Einde inhoudsopgave
Verordening (EU) 2015/1017 betreffende het Europees Fonds voor strategische investeringen, de Europese investeringsadvieshub en het Europese investeringsprojectenportaal
Artikel 9 Voorschriften voor het gebruik van de EU-garantie
Geldend
Geldend vanaf 30-12-2017
- Redactionele toelichting
Gecorrigeerd via een rectificatie (PbEU 2018, L 127).
- Bronpublicatie:
13-12-2017, PbEU 2017, L 345 (uitgifte: 27-12-2017, regelingnummer: 2017/2396)
- Inwerkingtreding
30-12-2017
- Bronpublicatie inwerkingtreding:
13-12-2017, PbEU 2017, L 345 (uitgifte: 27-12-2017, regelingnummer: 2017/2396)
- Vakgebied(en)
EU-recht / Algemeen
Ondernemingsrecht / Europees ondernemingsrecht
1.
De verlening van de EU-garantie wordt afhankelijk gesteld van de inwerkingtreding van de EFSI-overeenkomst.
2.
De EU-garantie wordt verleend voor financierings- en investeringsverrichtingen van de EIB welke door het investeringscomité zijn goedgekeurd, dan wel voor aan het EIF verstrekte financiering of garanties voor de uitvoering van financierings- en investeringsverrichtingen van de EIB in overeenstemming met artikel 11, lid 3. De EIB delegeert, in voorkomend geval, de beoordeling, selectie en monitoring van kleinschalige subprojecten aan financiële intermediairs of goedgekeurde in aanmerking komende investeringsvehikels, in het bijzonder investeringsplatformen en nationale stimuleringsbanken of -instellingen, als een manier om de toegang tot financiering voor kleine projecten te verbeteren en te bevorderen.

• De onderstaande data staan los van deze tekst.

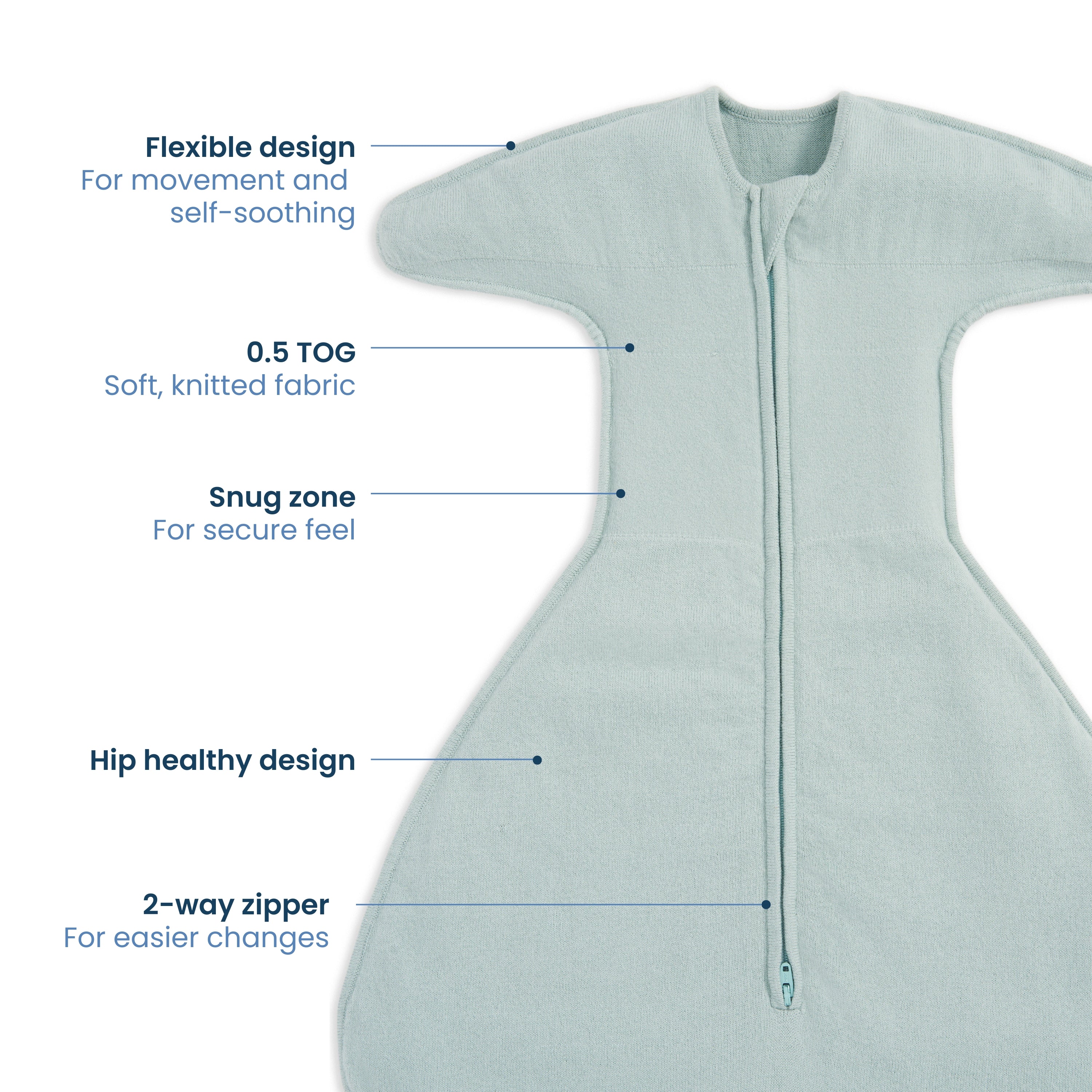 thumbnail image 2 of Halo SleepSack Swaddle – 100% Cotton, Cream, 0-3 Months – (Free Shipping!) 2 of 3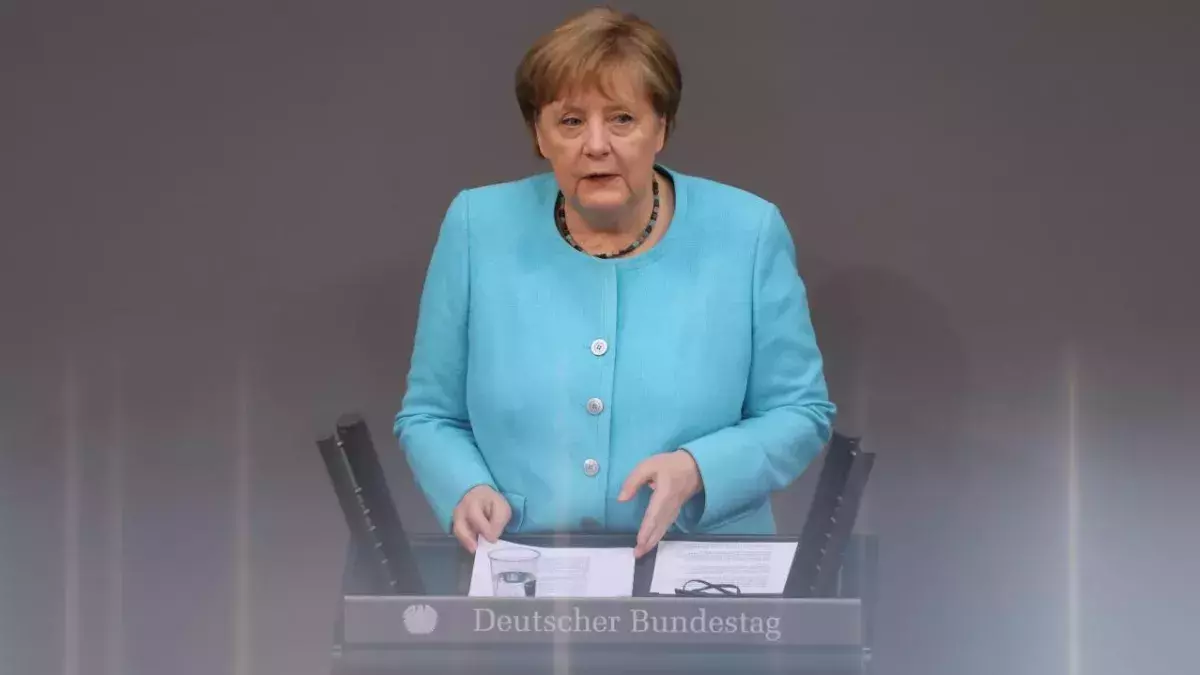 Dr. Angela Merkel bei ihrer letzten Regierungserklärung im Bundestag am 24. Juni 2021 in Berlin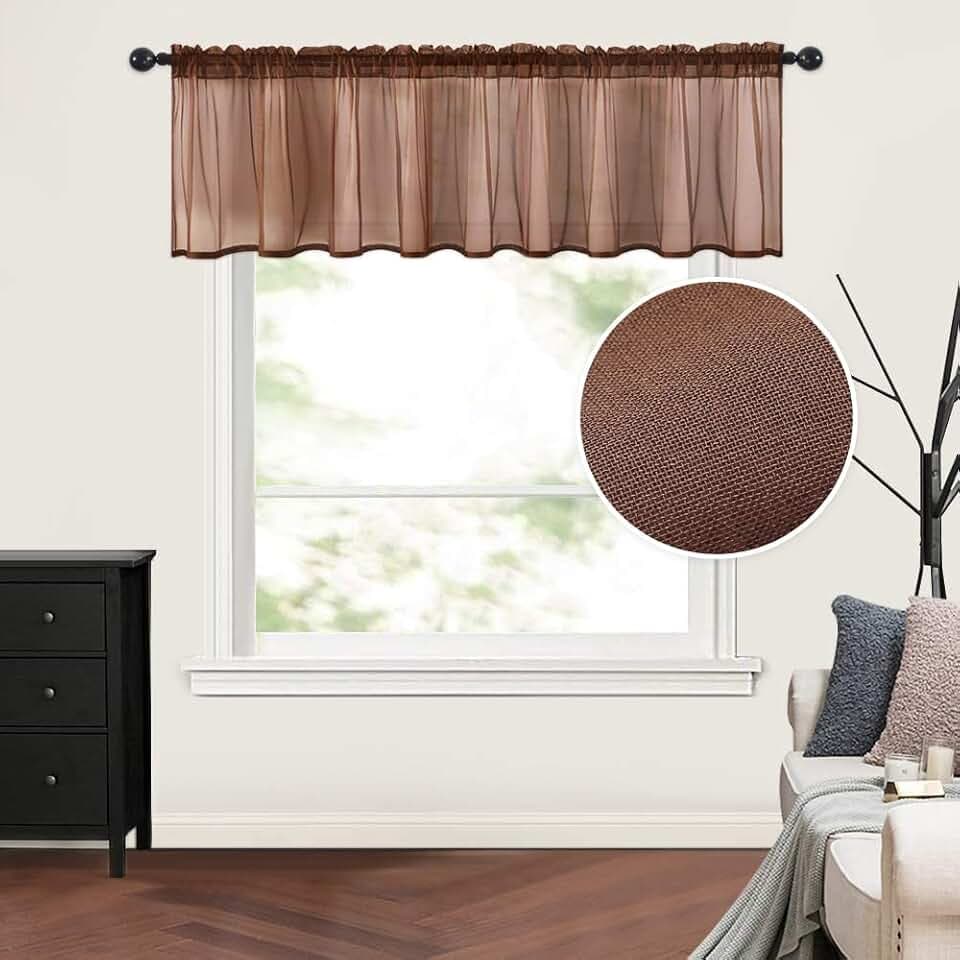 MIULEE Chocolate Brown Window Valance 1 Panel 60W x 18L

Niettegenstaande lid 5, derde alinea, van dit artikel behoudt het investeringscomité niet het recht om het gebruik van de EU-garantie goed te keuren voor subprojecten die aan financiële intermediairs of goedgekeurde in aanmerking komende investeringsvehikels zijn gedelegeerd indien de EFSI-bijdrage aan deze subprojecten minder dan 3 000 000 EUR bedraagt. Indien noodzakelijk verstrekt het bestuur richtsnoeren inzake de procedure volgens welke het investeringscomité besluiten neemt over het gebruik van de EU-garantie voor subprojecten waarvoor de EFSI-bijdrage 3 000 000 EUR of meer bedraagt.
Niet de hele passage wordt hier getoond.